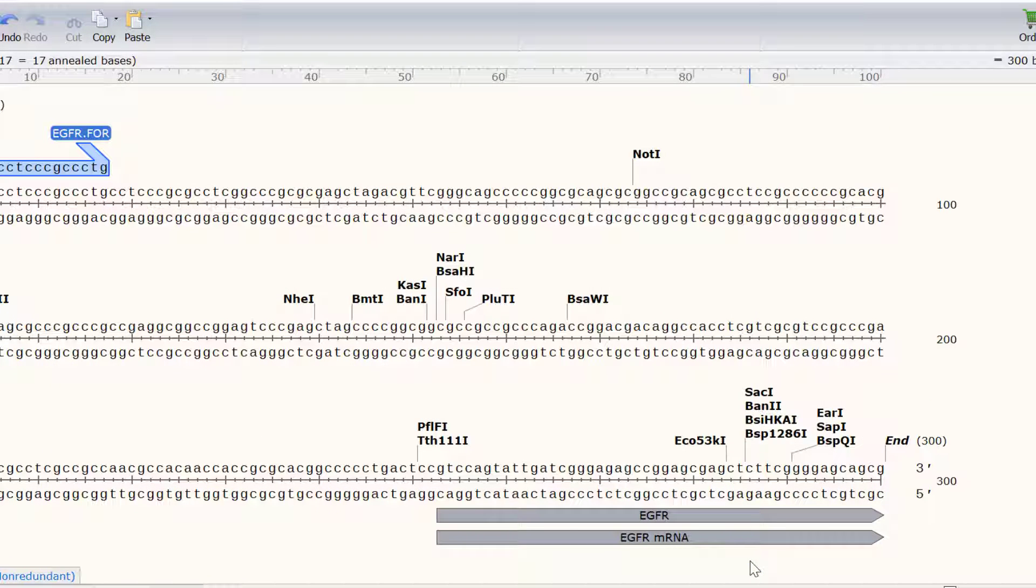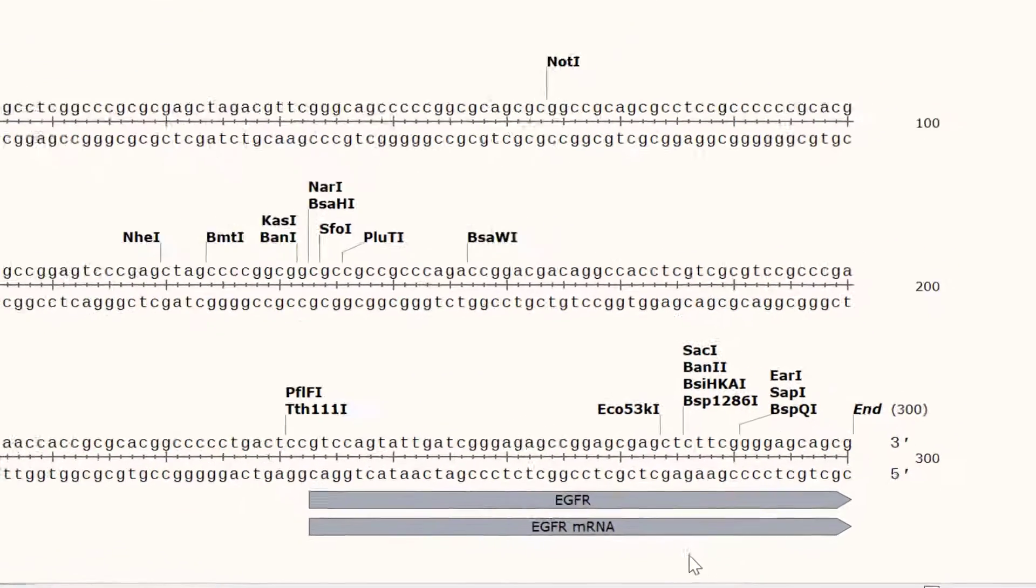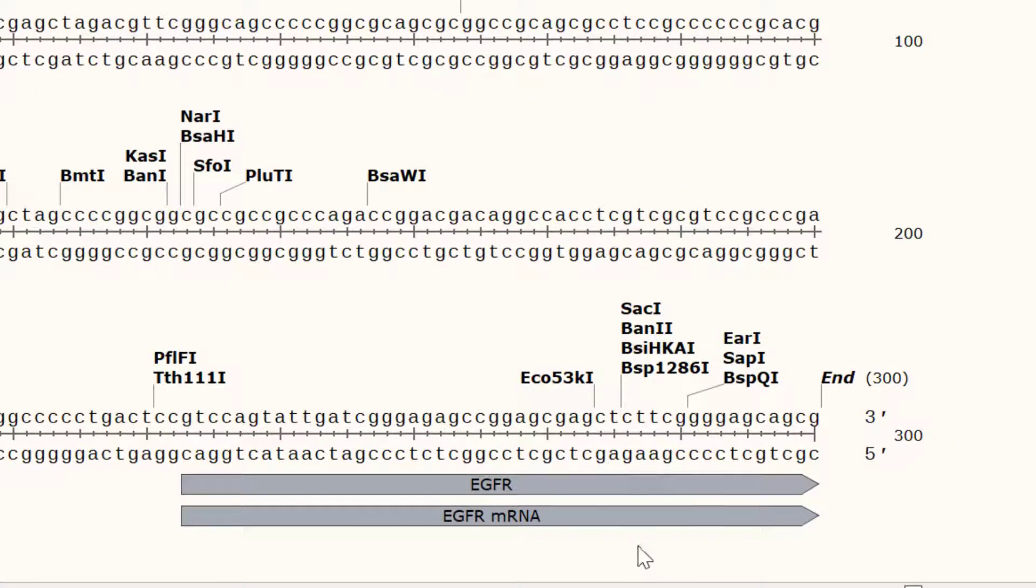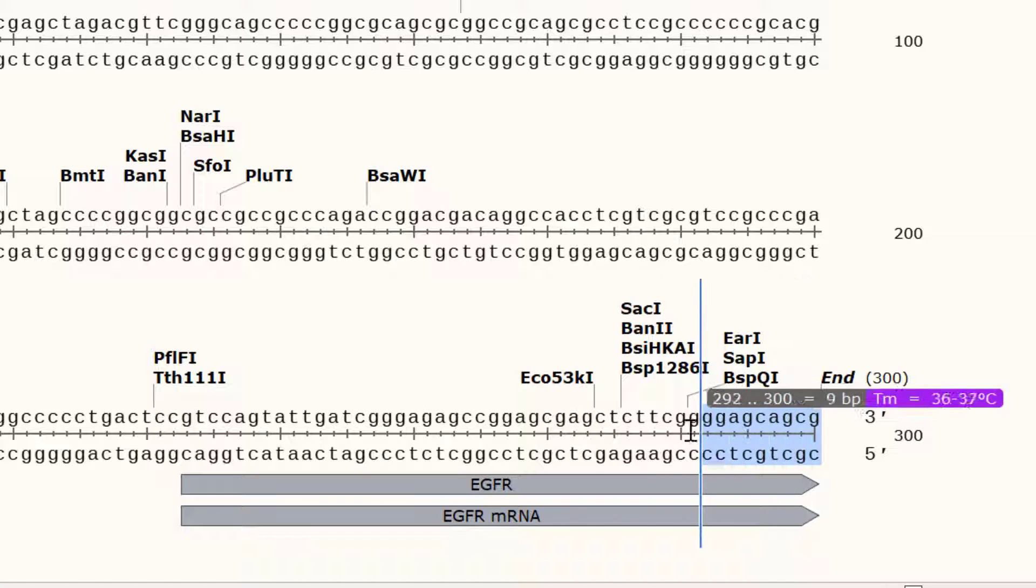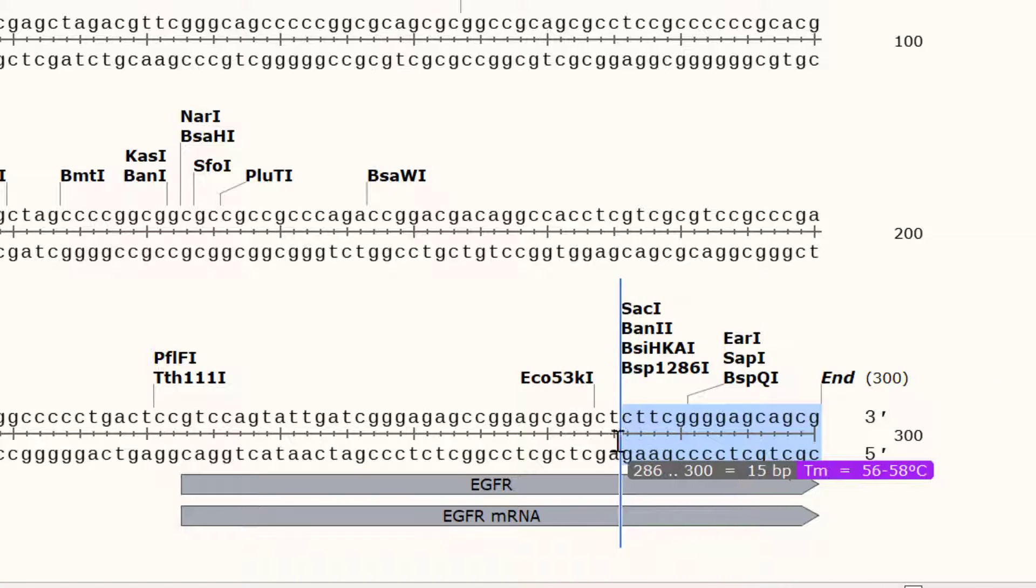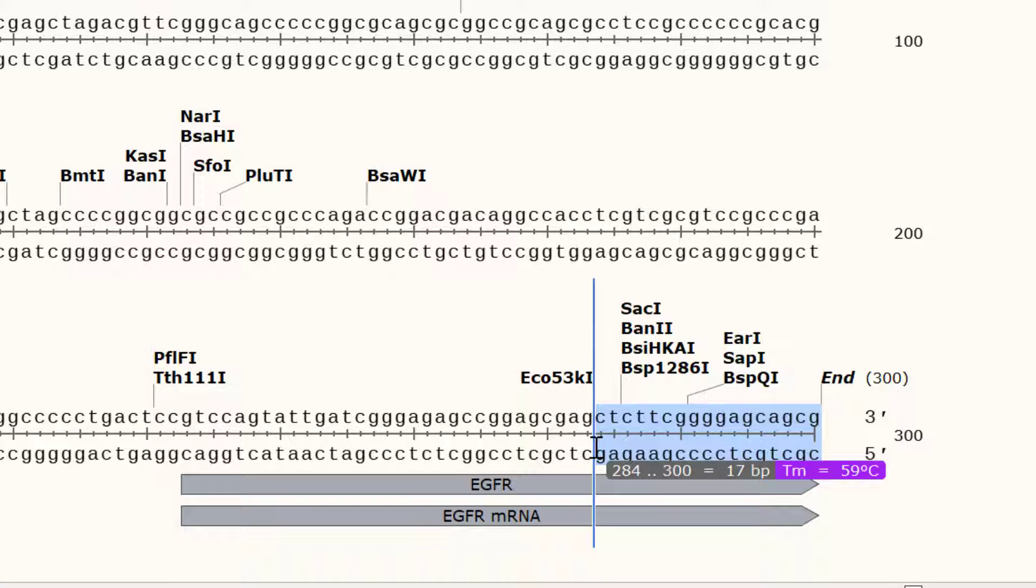I will now do a similar process to add the XHO1 site to the end of the sequence. Again I will click and drag on the sequence to select the bases that give me a melting temperature of approximately 60 degrees Celsius. In this case this is 17 bases.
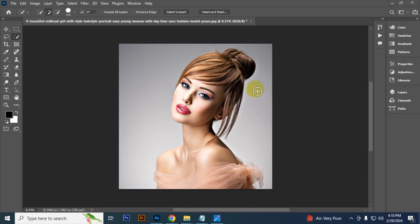Hello everyone. Sometimes while working you may find your quick selection tool is working too slow, like that.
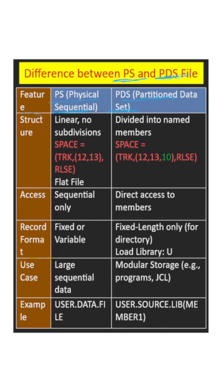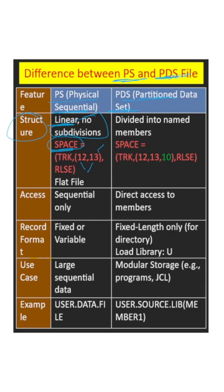Structure: PS has linear sequential data but doesn't have subdivisions like in the SPACE parameter. After primary and secondary allocation, it doesn't have the directory division. It is a flat file.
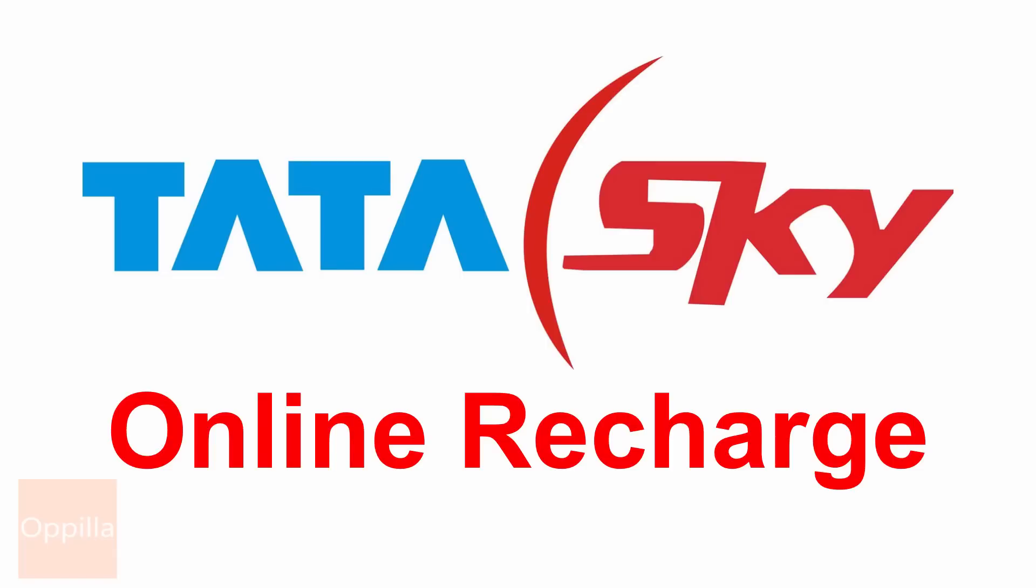Hello everyone. In this video, we will see how to recharge your Tata Sky DTH connection using your credit card.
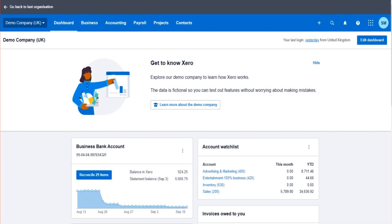Hello there, this is the Bookkeeping Master on YouTube. Welcome to another Xero training video. In this tutorial, I'm going to teach you the basics of purchase orders on Xero accounting software.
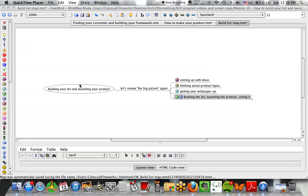Welcome back. Let's talk about building your list and launching your product. This is a big module because a lot of things have led up to this point. You started off not even knowing what you wanted to do, and then over the course of the modules, you came up with a good idea, thought about your customer, developed your product idea, set up some web pages, and created your product. Now you're getting to the point where you need to build your list of people who want to buy your product and then launch your product, and some of these things will happen simultaneously.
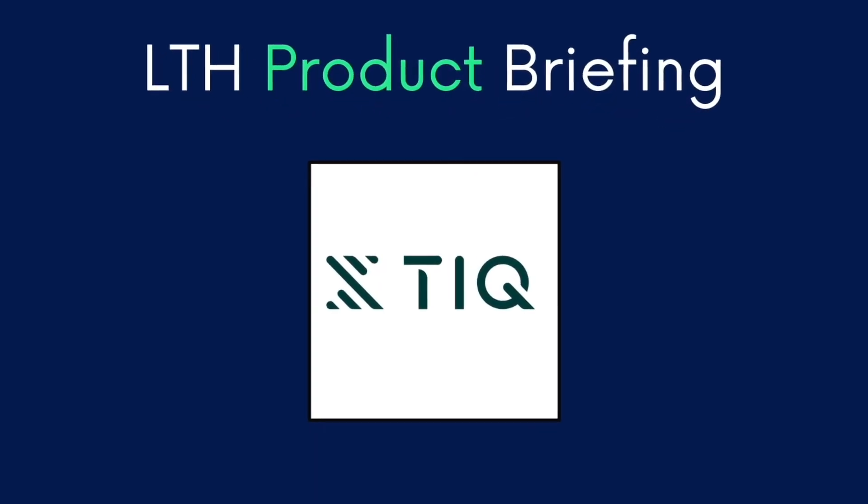Hello, everyone, and welcome to the LTH Product Briefing. Today, I am joined by Nick Schils, the CEO of TIQ Time, a timekeeping company based in the Netherlands. Nick, welcome to the LTH Product Briefing.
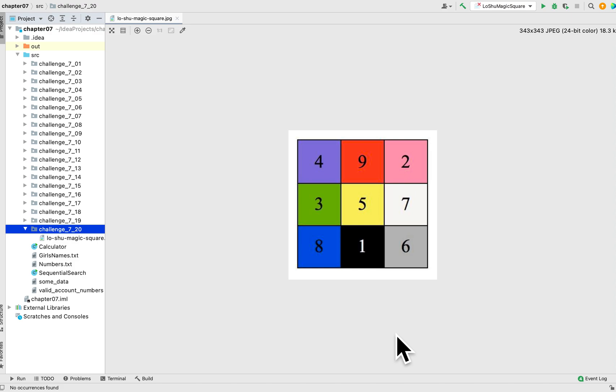Welcome to my YouTube channel. Today we are working on programming challenge 20 in chapter 7 of the book 'Starting Out with Java.' This programming challenge is to check whether a two-dimensional array is a magic square or not. A magic square is one where the rows, columns, and diagonals all add up to the same number.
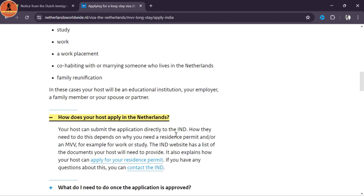I was very happy and shared this with all my friends and family. My visa was issued within a week and delivered to my home. It's very simple — you don't need to worry at all.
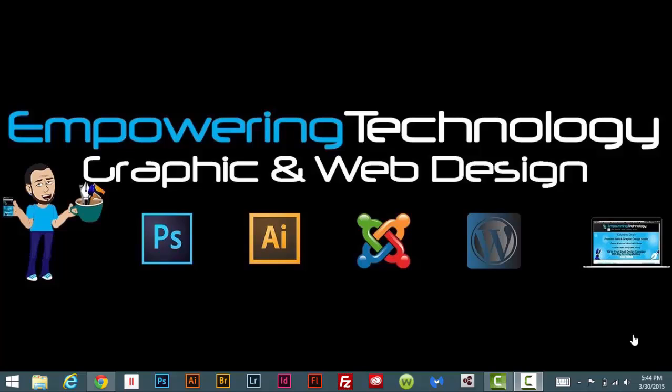Hey guys, welcome back to another Empowering Technology tutorial. Today's tutorial is going to be going over the new Helix template, some of the updates that they've made to it, and the functionality.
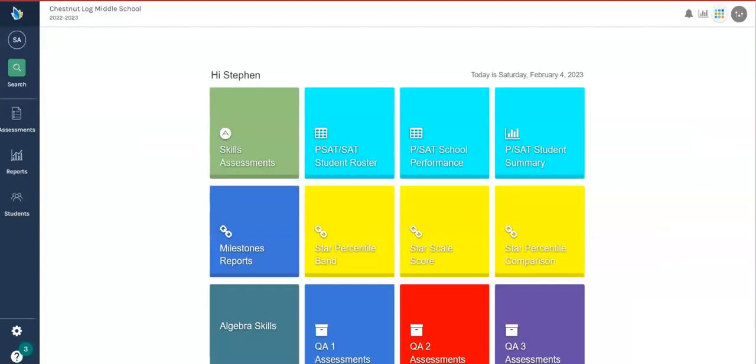So I hope you understand a little better how to create an assessment. I would advise you at the beginning of the unit to come to illuminate and look at some of the questions for that standard that you are about to teach.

**Assigned task:** Reproduce, word for word, only the lines in the records above from the line with "Hello, everyone, and" through the line with "Welcome to my", including both ends; omit the pictures.

**Your response:**
Hello, everyone, and welcome to the LTH Product Briefing. Today, I am joined by Nick Schils, the CEO of TIQ Time, a timekeeping company based in the Netherlands. Nick, welcome to the LTH Product Briefing.
Welcome to my YouTube channel. Today we are working on programming challenge 20 in chapter 7 of the book 'Starting Out with Java.' This programming challenge is to check whether a two-dimensional array is a magic square or not. A magic square is one where the rows, columns, and diagonals all add up to the same number.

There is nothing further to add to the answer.